The long love (and hate) story
Dealing with a single server, on a student time, was not complicated. When something went wrong, I was looking for the answer by myself because I was (and I am still) afraid of what people can think or say to me on a public IRC channel. We had some downtimes, and a few fears while restoring backups, but things were globally going well.
Some things were a little bit cumbersome, but I was thinking that it was part of the job. Re-compiling PureFTPD ans MySQL package at each upgrade was not actually a problem, because I was eager to learn how to patch, compile, and hack into Debian. I even rewrote the SQL queries when we upgraded to Debian Lenny, which was using libnss2.
The years passed, I was growing and becoming older (hey, don’t laugh). My years at university was taking much and much time over my “internet time”, as I was getting involved in the students’ association and my final exams were approaching. Finally, the project was in an informal standby, we decided that we had to close it, because we were both very busy elsewhere.

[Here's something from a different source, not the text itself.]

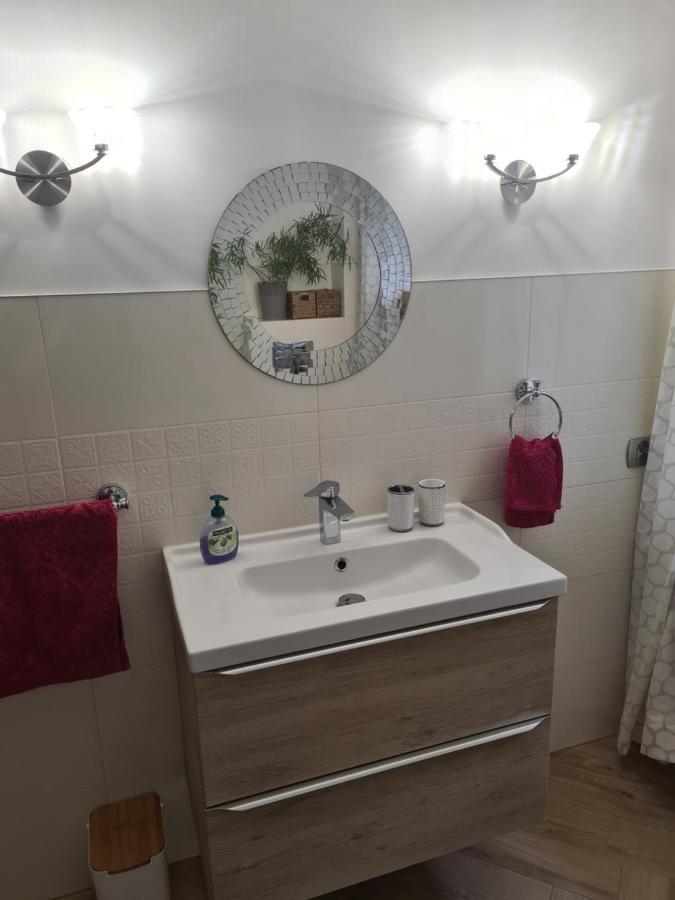 Pod Swierkami Myślibórz Exteriér fotografie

We officially closed. We sent the mail to users, I was ready to backup my configuration files and delete the data. We didn’t do it. Because of our sloppy feelings, and the fact that “it worked”, without “touching anything”. It was such a pity to let it go.
The last breath (or not)
Some months ago, we realized it had been several years that the project was officially dead. I didn’t stop hacking Linux. I had left my full-time job because I was working too much on projects I didn’t like (and some other reasons), and was running a freelance activity. My colleague was running a successful IT company with his associates, and we were working together on some professional projects (we still are).
New tools and software have appeared since my last glance to ToBeHost, and I also learned how to use new tools. I asked my colleague to let the project go, but we finally paid another month for the server.

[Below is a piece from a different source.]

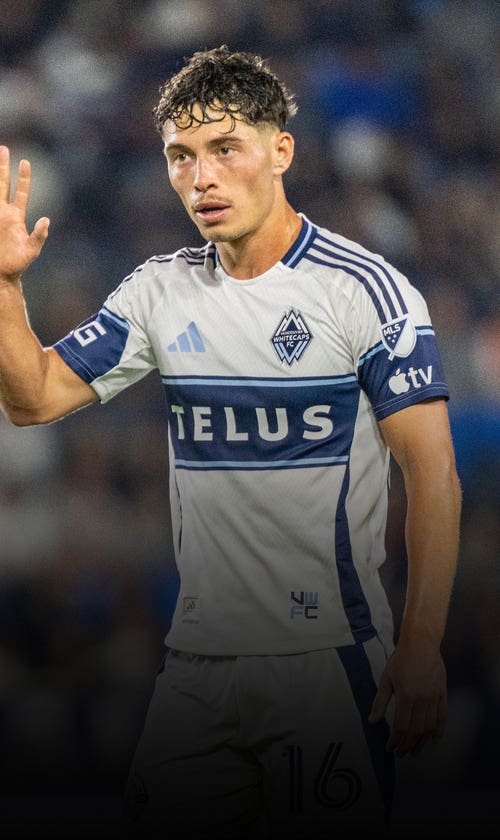 USA's Sebastian Berhalter To Join Middlesbrough In $2 Million Transfer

And then, I thought: web hosting is actually what I am into at that time. I know how to do it the right way, with the smallest administration effort. None of the alternative panels was fitting as well as VHFFS for the work we wanted. Let’s take all the VHFFS goods (strictly unix permissions, not be afraid of user access to shell, trust user isolation and quota), and add some bullshit (PHP panel, made on top of a CMS), with a little bit of magic (Puppet automation). Let’s put it together, and see what is coming from it.

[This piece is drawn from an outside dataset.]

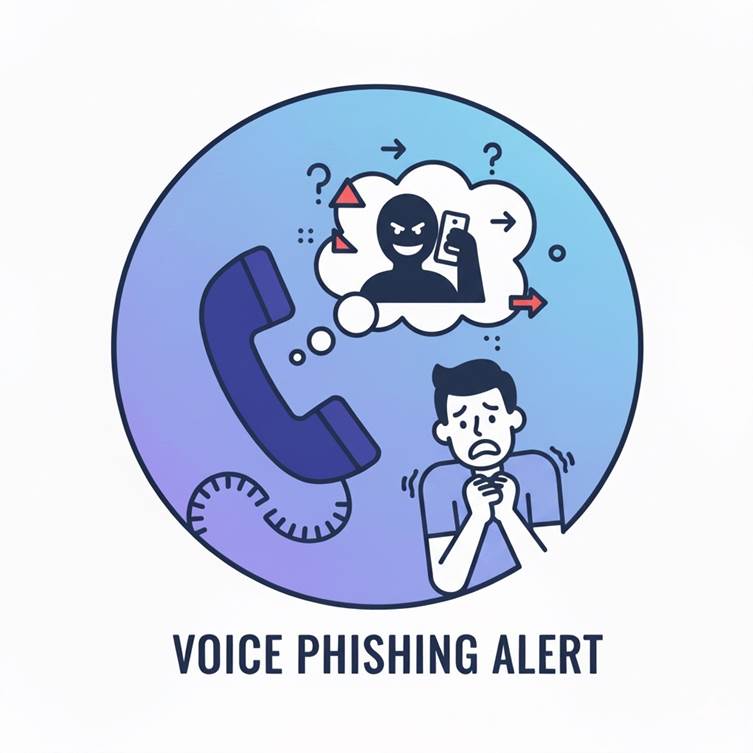 보이스 피싱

Voilà. This is how this project started.
Addendum
The project started, and it is pratically ready for beta-test. I will try to write that series of posts and explain how we made it, in order to inspire other people, and to help me keep my ideas clear.
As you may think, it is and it will be highly experimental. I don’t know if the growing of Puppet objects will be sustainable in the long term. I don’t know if Drupal will drive me crazy to the point I would rage delete my code. I don’t know if the whole project will be clean enough to release it opensource. But we will try.